About this task: Exactly reproduce the line containing "шишки Балабаново" and all later lines to the end of the entries, leaving the pictures out of your copy.

____ Information supplied

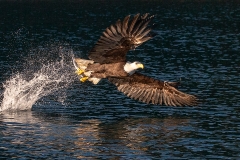 4c HP-Balt-Eagle_1DX8484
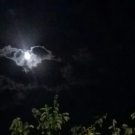 دانلود آهنگ کیمسه سورماز حالیمی هوش مصنوعی &bull; سوپر موزیک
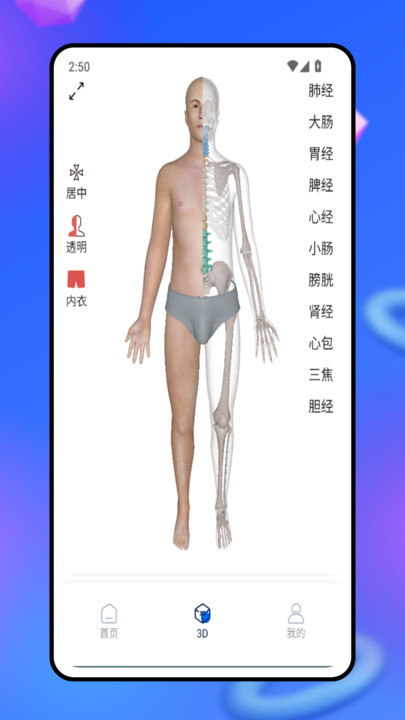 3d人体模型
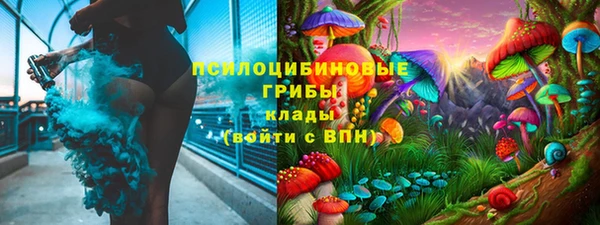 шишки Балабаново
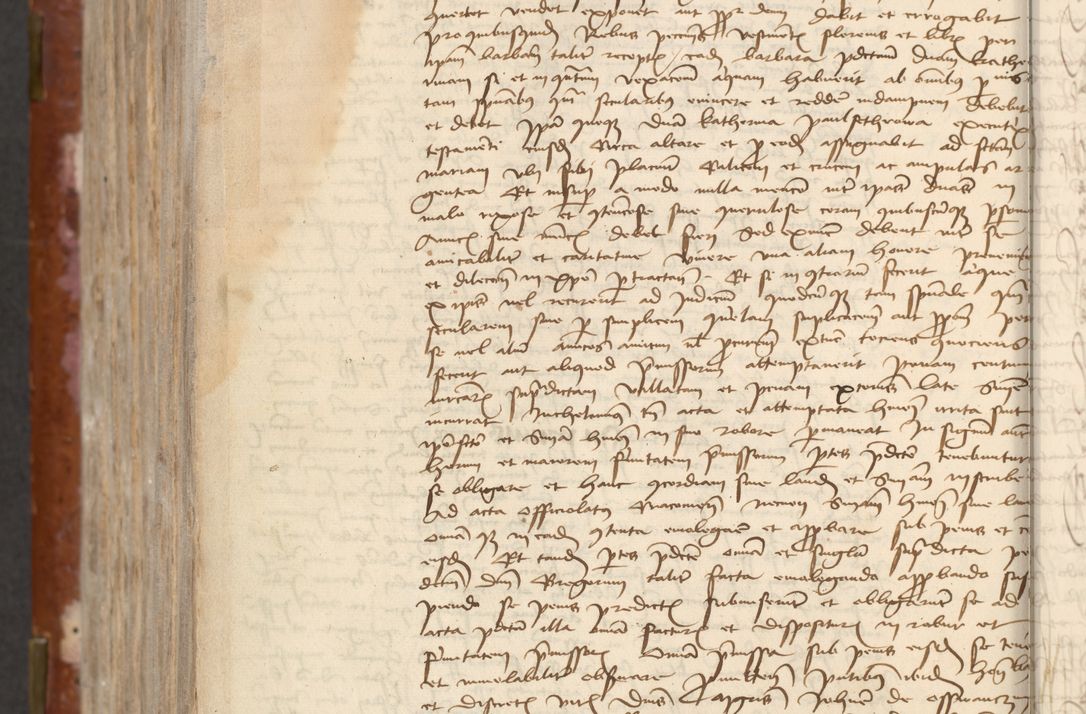 Zdjęcie nr 640 dla obiektu archiwalnego: [Acta actorum officialia coram Raphaele de Skawina]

________

Exercise response:
 шишки Балабаново
 Zdjęcie nr 640 dla obiektu archiwalnego: [Acta actorum officialia coram Raphaele de Skawina]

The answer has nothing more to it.